CARTAS DE CAMILO MARIA DE SAROLEA
Minha Princesa de mim:
Contemplo mistérios nesta hora da manhã nascente, quando o irmão sol se levanta e enche o ar de uma luz de ouro amigo, que envolve os campos, e as coisas todas suas, numa carícia de deslumbre. Vislumbro ao longe, nas barreiras do lado de lá do vale, o fumo de uma queimada... Creio que ainda não estarão autorizadas, mas cada cabeça terá sua sentença... Pouca gente entende que a beleza ou bondade das coisas também nos alertam para a sua e nossa fragilidade e imperfeição. E uma vez mais me ocorre esse conceito augustiniano e tomista de que a prudência é amor sagaz...
Assinei hoje uma petição relativa à necessidade de maior consciência e responsabilidade na prevenção e controlo de fogos que destroem vidas e fazendas. Tê-la-ia certamente redigido de outro modo, não concordarei com todo o seu fraseado, mas entendi que devia subscrevê-la, pela simples razão de que, não culpabilizando ninguém em particular, responsabiliza-nos todos; é um grito de justa indignação - mesmo que abstrata - com que me solidarizo, e é, sobretudo, uma confissão de perplexidade, em que comungo. Fácil será sempre apontar culpas a outros, difícil é mesmo interrogarmo-nos sobre a responsabilidade, isto é, sobre as respostas a dar. A perplexidade, o não saber explicar cabalmente, é o primeiro humilde reconhecimento de que a correção do mal exige também o nosso voluntariado.
O mal é inexplicável, como essa ausência ou silêncio de Deus, que todos já sentimos. Sabes, Princesa de mim, que, por isso mesmo, acredito que a presença de Deus se refaz em nós pelo amor que formos capazes de entregar aos outros. O bom samaritano, esse homem que generosamente socorre a vítima de salteadores, um desgraçado moribundo - que todavia é filho de um povo que ostraciza os samaritanos - ensina-nos que o nosso próximo tanto é o socorrido como o socorrente.

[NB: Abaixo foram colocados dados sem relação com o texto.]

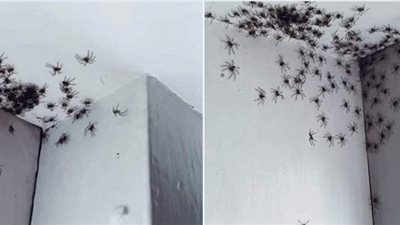 آلاف العناكب السامة تغزو شوارع ولاية أسترالية وتدفع المواطنين للفرار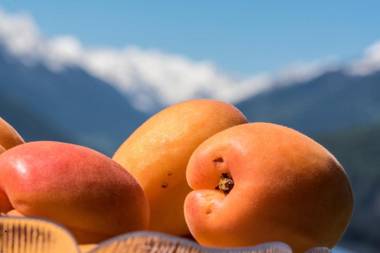 Hotel Grünwalderhof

Qualquer tragédia não acontece para mutuamente nos afrontarmos, antes talvez suceda para nos levar a pensarsentir que se antes houvesse amor atento, não seria necessária a desgraça : daí concluímos que o caminho fraterno quiçá nos evite novas calamidades...
O sentimento de culpa ajuda pouco: veja-se o caso de Judas ou, em contraponto, o engano que pode ser o alívio certo preconizado pelos defensores de qualquer secreta confissão auricular. O Deus dos vivos, esse que nos anima, não marca presença no castigo, amanhece no horizonte da nossa vida quando nos chama e pede resposta. A responsabilidade é precisamente essa intenção, inteligência e vontade nossas, de aderir e cooperar no projeto de um mundo melhor. Desde o mais pequenino dos gestos fraternos às grandes construções comunitárias. Na Idade Média, sobretudo a partir do século XIII, quando uma sociedade nova ia emergindo do defeso feudal, a festa do Natal era mais calorosamente celebrada do que a da Páscoa: o mistério da encarnação do Verbo era, logo a partir das semanas do Advento, que o anunciavam, celebrado como o acolhimento do Deus connosco, o Emanuel. O tempo terrestre e humano tornava-se assim sagrado e urgia no apelo à edificação de um mundo novo...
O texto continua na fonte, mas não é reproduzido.